Graduate Students

Sarah Ahmad was born in Delhi and grew up across the Indian subcontinent. She has been a graduate student in the women’s history and writing programs at Sarah Lawrence College, taught in the CUNY Start, Thrive Scholars, and Juniper Young Writers programs, and was the 2018-19 Editorial Fellow at Poets & Writers. Currently a PhD student in literature at the UMass–Amherst working on feminist-queer architextures in contemporary queer-diasporic literature, she is also associate poetry editor at Guernica and assistant editor at Conjunctions, a reader at Poetry, and writes in-between poem-prose beings. Her work can be found in Plume, the minnesota review, Margins, among other places.
Ruthfirst Eva Anaale Ayande is a PhD candidate in Public Health (Nutrition concentration). She holds an MSc in Dietetics, and a BSc in Nutrition and Food Science from the University of Ghana. Ruthfirst conducts interdisciplinary research in maternal and child health. Employing feminist epistemologies, she draws on the lived and intersubjective experiences of women in Ghana to understand the structures and systems that disenfranchise them and bar them from attaining optimum health. Her long-term goal is to co-formulate, through community engaged research, suitable and sustainable solutions to improve health outcomes of women and children.

Chris is a PhD student in the Political Science Department of the University of Massachusetts Amherst. Chris holds a Bachelor’s Degree in Political Science from Idaho State University (2018). Chris’ research centers on American Government, Public Law, and Law and Society scholarship that addresses a wide variety of topics including judicial decision-making and the ways in which social movements influence the judicial system. Central to her work is Feminist issues within American governement and the American judicial system, including how gender impacts judicial decision-making and how gendered court precedent is penned and promulagted throughout American society and the legal system. Chris also specializes in social science research and Feminist research methodologies and epistemologies. Her most recent work addresses the ways in which gender and gendered influences can become essentialized by social science research methodologies. She has published work on the gendered nature of State Supreme Court precedent diffusion throughout the U.S., and she is currently conducting research on LGBTQ+ media and the legal consciousness of the LGBTQ+ community, with support from the National Science Foundation.

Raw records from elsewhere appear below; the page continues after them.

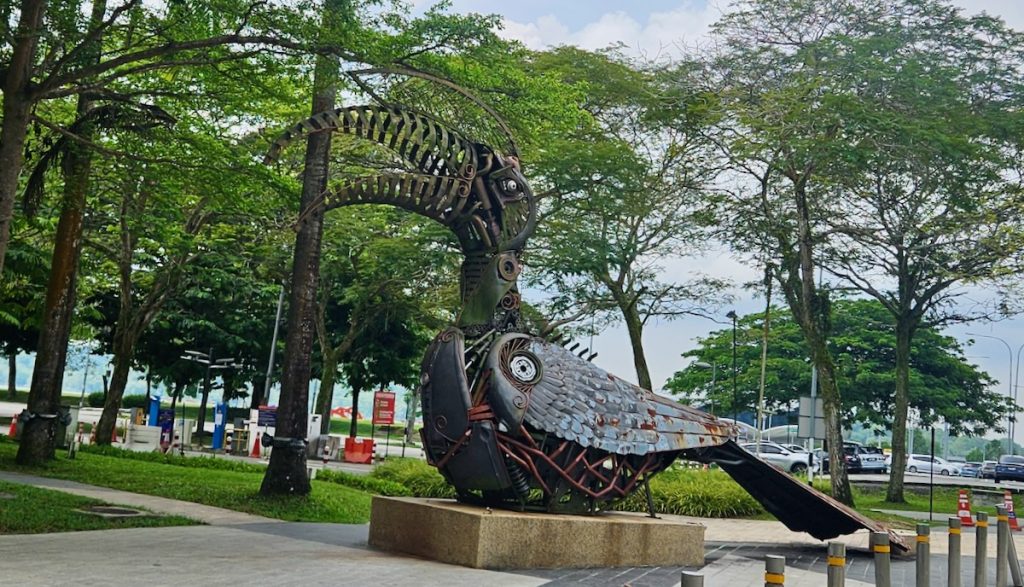 Hornbill sculpture Puteri Harbour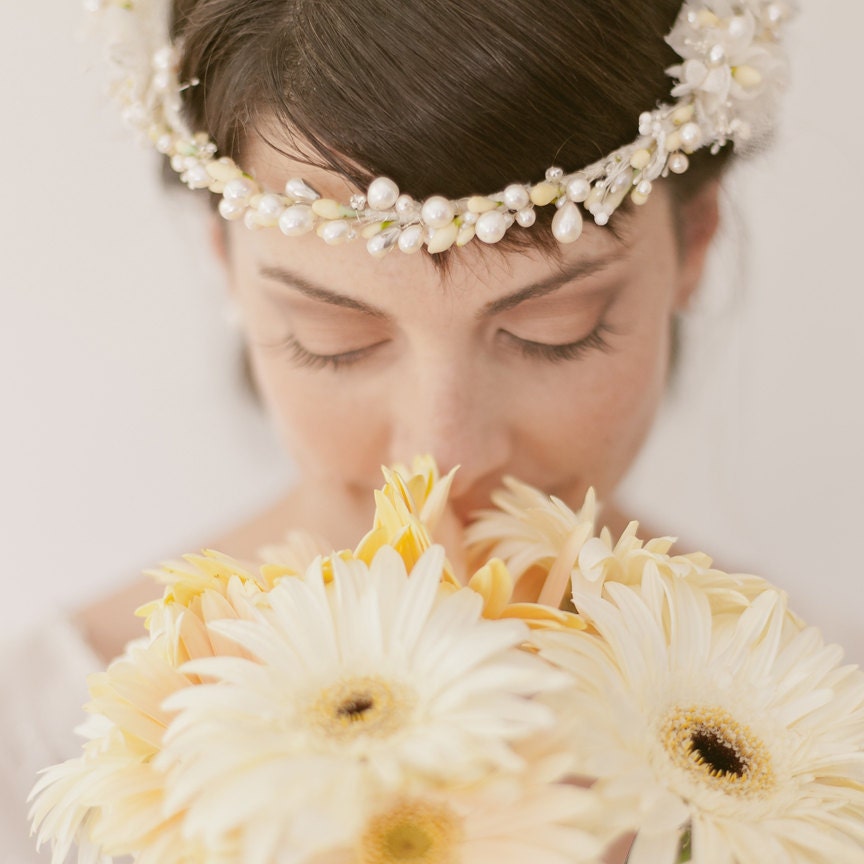 Bridal floral halo - Orange blossoms, freshwater pearls, silk flowers 826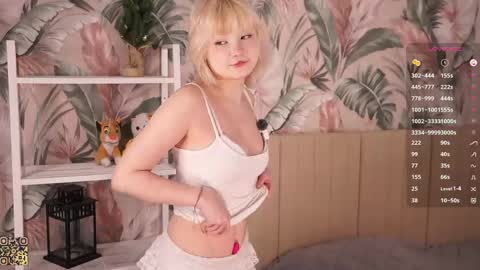 Snapshot of katheykenefick chatting on 04/15/26, 06:04 Bella online show from 04/15/26, 06:04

Debadatta is a Ph.D. student at the Sociology department and completed the Graduate Certificate in Feminist Studies from WGSS in Spring 2021. She holds a Masters in Sociology from Southern Illinois University, Carbondale and from the University of Pune, India with a concentration in Women’s Studies.

Tiarra received her B.A. in German Studies and Russian Civilization from Smith College and her M.A. in German Studies from UMass. Tiarra is a recent graduate of the WGSS certificate program, as well as a PhD candidate in German Studies. Her dissertation is entitled “A Dialogue in Affect: Women’s Experiences of Forcible Sterilization under Germany’s National Socialism.” In her spare time, Tiarra enjoys knitting, reckless napping, watching documentaries, playing with her spawn, and walking her lab with her partner. Interests include: eugenics, reproductive politics, graphic novels, and medical interventions from the state.
Tiarra finished the coursework for the certificate in 2021.

Virginia Correia received a B.A. in Economics from Framingham State University. In 2015, she received her M.A. in Spanish from San Diego State University. Virginia is currently a PhD student in the Spanish and Portuguese program at UMass Amherst. Her research interests include Spanish Golden Age Drama, Film, Aging Studies, and Women’s and Gender Studies. In addition to receiving a certificate in Feminist Studies from the WGSS department at UMass Amherst, she is also receiving a certificate in Film Studies. She has also translated Portuguese articles into English for the International Yearbook of Futurism Studies (De Gruyter, 2017).

Sharonee Dasgupta is currently a Ph.D. student in the Department of Anthropology. She holds a BA in English, Psychology, and Journalism, MA in English, and an MPhil in Comparative Indian Literature from India. She has over 8 years of work experience with civil society organizations and prior to attending UMass, she was with the Centre for Policy Research in New Delhi. Her personal experiences and field insights have shaped the focus of her current research interests that include topics such as state-citizen relations, cities, governance, bureaucracy, and gender.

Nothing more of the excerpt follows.